- [Task brief] The data below should be restated word for word, with every picture omitted.

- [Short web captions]

- - - -

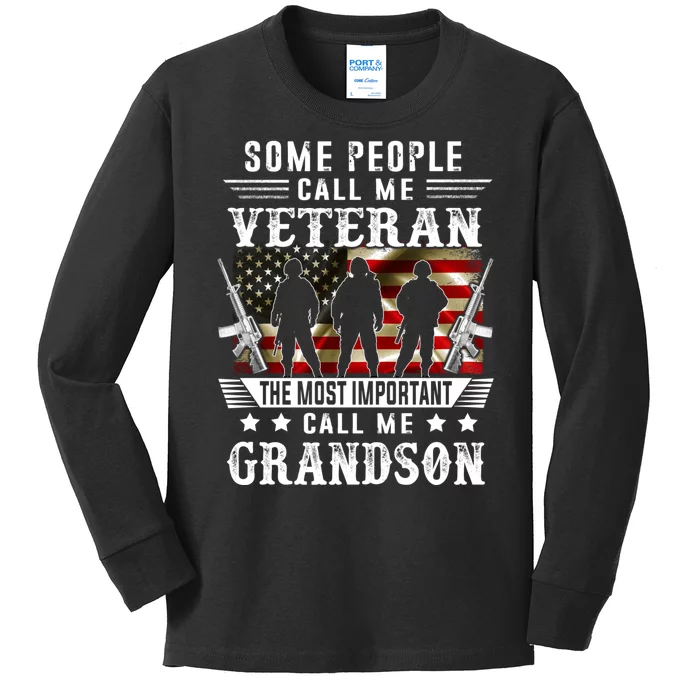 Proud Grandson Veteran American Flag Gifts VeteranS Day Kids Long Sleeve Shirt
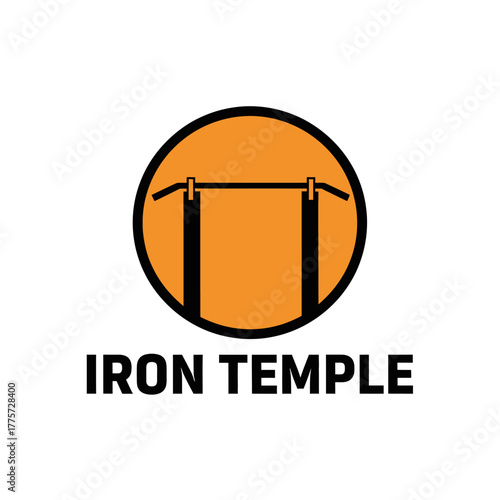 Minimalist Strength Training Logo Design for an Iron Temple Gym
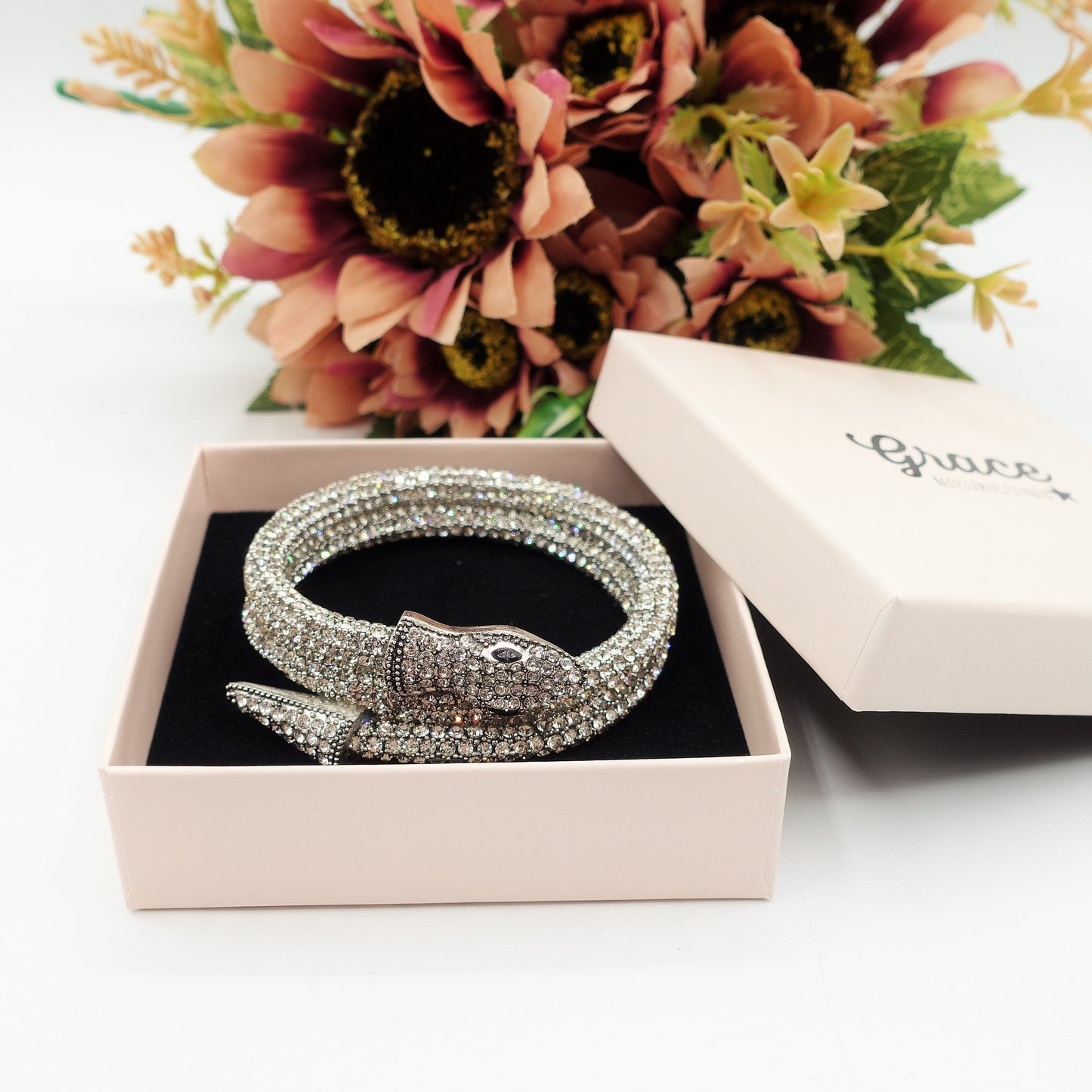 KAA~Bracciale snodato a serpente con cubic zirconia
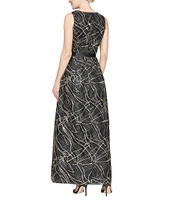 Alex Evenings Petite Size Boat Neck Sleeveless Stretch Tulle Sequin Detail Belted A-Line Dress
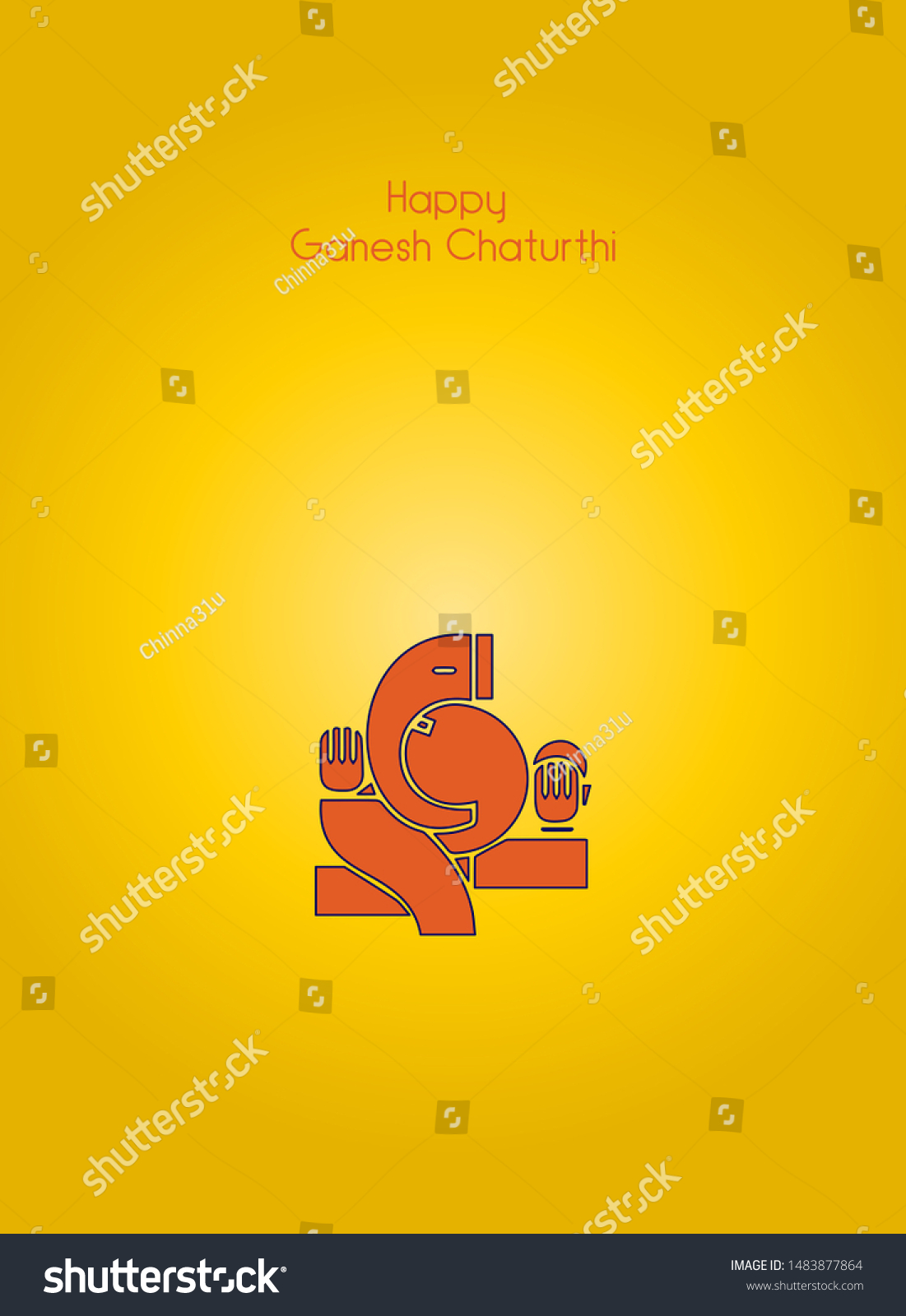 Illustration Lord Ganpati Background Ganesh Chaturthi Stock ...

- - - -

- [Answer space]
 Proud Grandson Veteran American Flag Gifts VeteranS Day Kids Long Sleeve Shirt
 Minimalist Strength Training Logo Design for an Iron Temple Gym
 KAA~Bracciale snodato a serpente con cubic zirconia
 Alex Evenings Petite Size Boat Neck Sleeveless Stretch Tulle Sequin Detail Belted A-Line Dress
 Illustration Lord Ganpati Background Ganesh Chaturthi Stock ...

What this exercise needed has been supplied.